Kendinden ve kibrinden emin bir şekilde bütün kamusal alanları kontrol ederek bir zafer ve fetih zamanı inşa etmeye çalışan muktedirler, kendi dışlarında kalan grupları çoğu durumda dikkate alınmayacak ve hatta gerekirse kurban edilecek varlıklar olarak görerek ortak asgari bir zamansallığın bütün imkânlarını da tüketiyorlar. Kendi mutlu zamanlarının fantastik zaferleri onları toplumun zamansal parçalanmışlığını görmekten alıkoyuyor. Bu hal, iktidarın kurmaya yeltendiği zamanı mutlaklaştırarak ve homojenleştirerek başka zamanların ayırdına varılmasını imkânsız kılıyor. Tam da bu imkânsızlık iktidarın ve muktedirlerin zamanının kısıtlılığını ve gelip geçiciliğini damgalıyor. Şüphesiz imgesel düzeyde sarhoşlukla kurulan bu fantezi zamanı Lacancı manada Gerçek’in kendisini en sonu hissettirmesiyle birlikte şoka uğrayacak ve kendi kısmiliğini anlayacaktır.

Zamanın ürettiği baskı ve duygulanımlar belki de en çok muhalifler tarafından deneyimleniyor. Muhalifler yorgunluk, bıkkınlık ve tekrarın tekrarından usanmış bir haleti ruhiye içinde inşa edemedikleri kamusallığın onların üzerine bir karabasan gibi çökerek kendi zamanlarını buharlaştırmasını deneyimliyorlar. Muhalifin zamanı iki defa parçalanmış durumda. Muhalif, ilk olarak topluma kayıtlı olan ve silinemez bir zamansal parçalanmışlığı deneyimler. İkinci olarak da kendi zamanını kuramadığı ölçüde kendi zamanının bizzat parçalanmışlığı içinde kalır. Onca şikâyet, onca keder ve dert bu zamansal sıkışmışlığın yansımalarından başka ne olabilir ki!

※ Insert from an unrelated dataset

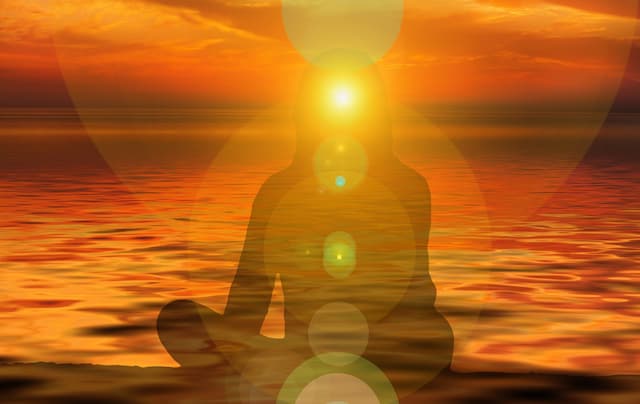 Sunset over head of woman with Powerful Spiritual Energies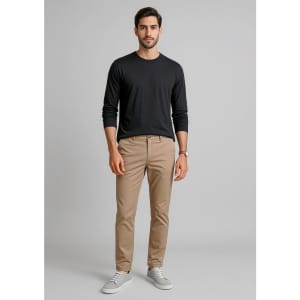 A pair of men's tapered stretch chino pants in beige, paired with a black long-sleeve shirt and white sneakers.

Paolo Rossi’nin belirttiği üzere: “Derin bir bunalıma, kabul edilemez bir şimdiki zaman duygusu karşısındaki sıkıntıya, insani şeylerin yararsızlığı ya da önüne geçilemez bir felaket beklentisi ile tepki gösterilebilir. Ama aynı zamanda, bir büyük değişimler çağında yaşandığı izleniminin umuda yol açması da olasıdır…”[1] Zamanın seyrini tersine çevirme ve onu bir umut zamanı haline getirme ancak yitirilmiş ve kaybedilmiş kamusallığın yeniden inşasıyla imkân haline gelecek olan kamusal zamanların peşinde giderek mümkün olabilir.


[1] Paolo Rossi, Gemi Batıyor, Seyreden Yok, Dost Kitabevi, Ankara, 2002.